Czeczeni na polskiej granicy
Konsulat rosyjski w Brześciu otrzymał pierwsze dwie skargi od Czeczenów, których nie wpuszczono do Polski. Ani jedna skarga nie wpłynęła natomiast do polskiego konsulatu.
Białoruskie media informują o grupie 150 Czeczenów, których polskie służby graniczne nie wpuściły do kraju.
Minister spraw zagranicznych Białorusi Michaił Chwastou powiedział, że Polska nie wpuszczając Czeczenów narusza normy prawa międzynarodowego. Podkreślił, że Czeczeni mają wszelkie niezbędne dokumenty na wjazd do Polski.
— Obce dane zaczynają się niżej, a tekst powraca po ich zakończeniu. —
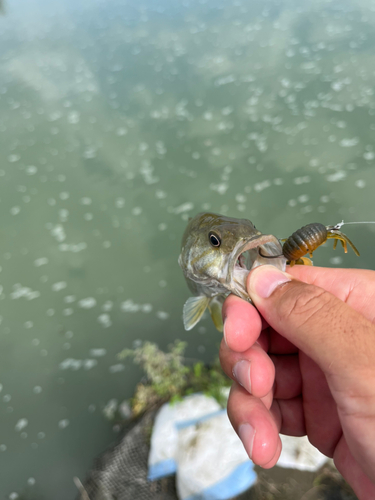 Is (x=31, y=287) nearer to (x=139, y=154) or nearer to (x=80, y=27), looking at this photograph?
(x=139, y=154)

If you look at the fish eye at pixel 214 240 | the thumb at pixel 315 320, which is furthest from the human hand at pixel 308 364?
the fish eye at pixel 214 240

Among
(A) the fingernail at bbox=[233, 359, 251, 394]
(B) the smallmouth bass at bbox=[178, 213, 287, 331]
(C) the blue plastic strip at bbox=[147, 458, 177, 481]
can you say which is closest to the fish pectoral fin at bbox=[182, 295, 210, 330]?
(B) the smallmouth bass at bbox=[178, 213, 287, 331]

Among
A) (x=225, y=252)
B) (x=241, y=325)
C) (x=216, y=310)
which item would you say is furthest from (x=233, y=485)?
(x=225, y=252)

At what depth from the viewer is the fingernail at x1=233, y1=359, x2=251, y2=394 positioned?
Result: 188cm

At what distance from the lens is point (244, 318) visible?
1.87 metres

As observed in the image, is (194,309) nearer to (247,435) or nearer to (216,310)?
(216,310)

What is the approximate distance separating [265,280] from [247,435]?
883 millimetres

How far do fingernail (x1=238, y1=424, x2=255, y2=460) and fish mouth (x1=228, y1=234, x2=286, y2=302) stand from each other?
73cm

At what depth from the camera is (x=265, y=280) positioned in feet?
5.74

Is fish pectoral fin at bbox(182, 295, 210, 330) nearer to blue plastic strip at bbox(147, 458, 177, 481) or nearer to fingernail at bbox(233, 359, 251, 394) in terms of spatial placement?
fingernail at bbox(233, 359, 251, 394)

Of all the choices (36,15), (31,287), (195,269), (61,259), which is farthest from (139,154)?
(36,15)

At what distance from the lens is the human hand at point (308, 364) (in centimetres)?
129

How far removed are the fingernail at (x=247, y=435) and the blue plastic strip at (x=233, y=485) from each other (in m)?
1.96

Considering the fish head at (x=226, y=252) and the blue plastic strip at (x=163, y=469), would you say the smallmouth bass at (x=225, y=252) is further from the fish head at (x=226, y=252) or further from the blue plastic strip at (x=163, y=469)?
the blue plastic strip at (x=163, y=469) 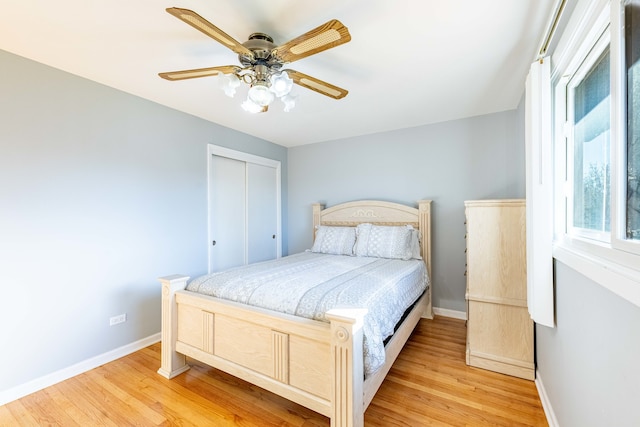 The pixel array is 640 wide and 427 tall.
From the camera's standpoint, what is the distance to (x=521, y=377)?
80.9 inches

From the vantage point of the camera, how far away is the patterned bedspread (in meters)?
1.58

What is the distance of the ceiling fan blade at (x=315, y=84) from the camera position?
1.71m

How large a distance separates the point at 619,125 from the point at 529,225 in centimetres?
91

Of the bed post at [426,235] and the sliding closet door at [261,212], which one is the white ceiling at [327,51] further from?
the sliding closet door at [261,212]

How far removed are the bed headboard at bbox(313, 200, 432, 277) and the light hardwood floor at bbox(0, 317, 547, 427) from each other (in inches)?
55.8

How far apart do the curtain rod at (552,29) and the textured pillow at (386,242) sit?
1957 millimetres

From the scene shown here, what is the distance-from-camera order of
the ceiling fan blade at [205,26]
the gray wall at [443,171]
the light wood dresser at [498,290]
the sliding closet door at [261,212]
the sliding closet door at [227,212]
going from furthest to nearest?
the sliding closet door at [261,212], the sliding closet door at [227,212], the gray wall at [443,171], the light wood dresser at [498,290], the ceiling fan blade at [205,26]

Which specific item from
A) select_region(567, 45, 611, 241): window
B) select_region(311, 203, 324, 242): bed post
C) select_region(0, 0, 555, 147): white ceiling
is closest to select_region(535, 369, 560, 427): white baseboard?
select_region(567, 45, 611, 241): window

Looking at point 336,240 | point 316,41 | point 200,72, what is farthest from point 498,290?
point 200,72

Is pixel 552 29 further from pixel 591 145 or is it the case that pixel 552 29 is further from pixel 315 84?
pixel 315 84

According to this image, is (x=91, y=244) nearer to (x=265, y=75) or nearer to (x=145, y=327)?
(x=145, y=327)

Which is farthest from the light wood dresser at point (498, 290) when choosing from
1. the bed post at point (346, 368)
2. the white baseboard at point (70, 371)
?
the white baseboard at point (70, 371)

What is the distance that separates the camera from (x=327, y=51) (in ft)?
6.11

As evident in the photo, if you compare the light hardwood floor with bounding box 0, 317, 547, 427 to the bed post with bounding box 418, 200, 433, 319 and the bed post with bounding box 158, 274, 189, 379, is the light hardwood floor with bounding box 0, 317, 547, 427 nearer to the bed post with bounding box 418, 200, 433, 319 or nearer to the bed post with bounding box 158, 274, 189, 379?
the bed post with bounding box 158, 274, 189, 379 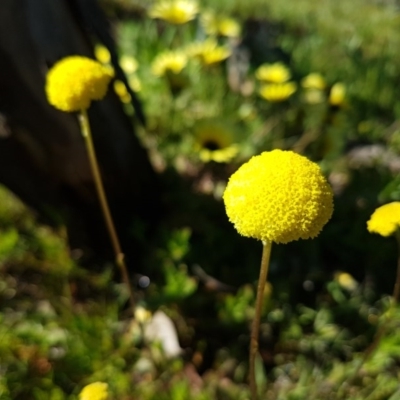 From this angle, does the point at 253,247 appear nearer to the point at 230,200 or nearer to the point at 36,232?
the point at 36,232

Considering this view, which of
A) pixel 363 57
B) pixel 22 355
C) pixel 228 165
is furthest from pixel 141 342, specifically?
pixel 363 57

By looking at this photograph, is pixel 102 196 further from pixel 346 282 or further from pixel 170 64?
pixel 170 64

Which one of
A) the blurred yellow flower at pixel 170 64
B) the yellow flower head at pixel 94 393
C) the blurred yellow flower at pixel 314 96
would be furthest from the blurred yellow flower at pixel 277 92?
the yellow flower head at pixel 94 393

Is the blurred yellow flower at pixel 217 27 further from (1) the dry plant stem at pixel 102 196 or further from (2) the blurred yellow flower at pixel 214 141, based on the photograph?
(1) the dry plant stem at pixel 102 196

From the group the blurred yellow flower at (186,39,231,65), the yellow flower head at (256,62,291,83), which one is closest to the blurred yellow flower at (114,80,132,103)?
the blurred yellow flower at (186,39,231,65)

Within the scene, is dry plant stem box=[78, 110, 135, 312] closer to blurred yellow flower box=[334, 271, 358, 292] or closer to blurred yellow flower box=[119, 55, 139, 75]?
blurred yellow flower box=[334, 271, 358, 292]

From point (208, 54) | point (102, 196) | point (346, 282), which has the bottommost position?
point (346, 282)

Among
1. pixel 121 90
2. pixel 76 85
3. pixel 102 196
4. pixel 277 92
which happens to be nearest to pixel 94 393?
pixel 102 196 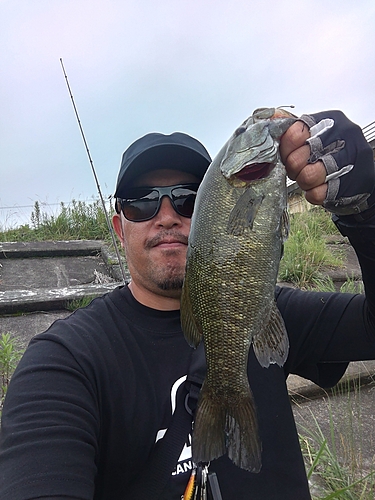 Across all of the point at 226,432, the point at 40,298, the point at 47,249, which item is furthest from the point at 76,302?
the point at 226,432

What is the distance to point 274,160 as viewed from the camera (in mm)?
1271

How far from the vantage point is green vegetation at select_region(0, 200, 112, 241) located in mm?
7578

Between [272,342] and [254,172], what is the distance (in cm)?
60

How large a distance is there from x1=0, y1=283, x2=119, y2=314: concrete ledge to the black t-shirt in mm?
2764

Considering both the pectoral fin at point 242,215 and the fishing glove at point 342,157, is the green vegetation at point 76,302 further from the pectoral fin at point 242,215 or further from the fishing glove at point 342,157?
the fishing glove at point 342,157

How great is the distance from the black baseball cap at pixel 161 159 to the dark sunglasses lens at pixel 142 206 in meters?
0.10

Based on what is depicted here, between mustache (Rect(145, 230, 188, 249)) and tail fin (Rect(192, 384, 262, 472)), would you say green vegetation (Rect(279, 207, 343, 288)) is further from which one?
tail fin (Rect(192, 384, 262, 472))

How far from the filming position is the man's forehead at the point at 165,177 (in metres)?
1.86

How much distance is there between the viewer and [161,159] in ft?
6.00

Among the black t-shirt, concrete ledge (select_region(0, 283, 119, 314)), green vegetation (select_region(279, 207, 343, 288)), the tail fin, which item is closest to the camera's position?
the black t-shirt

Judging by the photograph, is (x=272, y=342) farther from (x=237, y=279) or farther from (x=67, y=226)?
(x=67, y=226)

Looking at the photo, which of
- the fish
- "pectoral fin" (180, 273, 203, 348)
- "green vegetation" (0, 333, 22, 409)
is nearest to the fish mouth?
the fish

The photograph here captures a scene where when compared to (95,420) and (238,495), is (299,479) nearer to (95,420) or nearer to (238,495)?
(238,495)

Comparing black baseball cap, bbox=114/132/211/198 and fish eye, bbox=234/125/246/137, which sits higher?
black baseball cap, bbox=114/132/211/198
Minister Chwastou zaznaczył, że problem Czeczenów nie powinien być przerzucany na Białoruś, lecz powinny go rozwiązać Polska i Rosja.
Tymczasem rosyjski wicekonsul z Brześcia Władimir Burakow powiedział dziennikarzom, że sytuacja z Czeczenami jest skomplikowana. Niektórzy z nich przy przekraczaniu granicy mówili, że jadą w celach turystycznych, ale nie potrafili powiedzieć, co chcą w Polsce zobaczyć, ani gdzie będą się zatrzymywać.
W rozmowach z białoruskimi mediami Czeczeni nie kryją, że do Polski nie jadą w celach turystycznych - mówią, że w ich kraju trwają walki i z obawy o własne życie chcą wyjechać zagranicę. (reb)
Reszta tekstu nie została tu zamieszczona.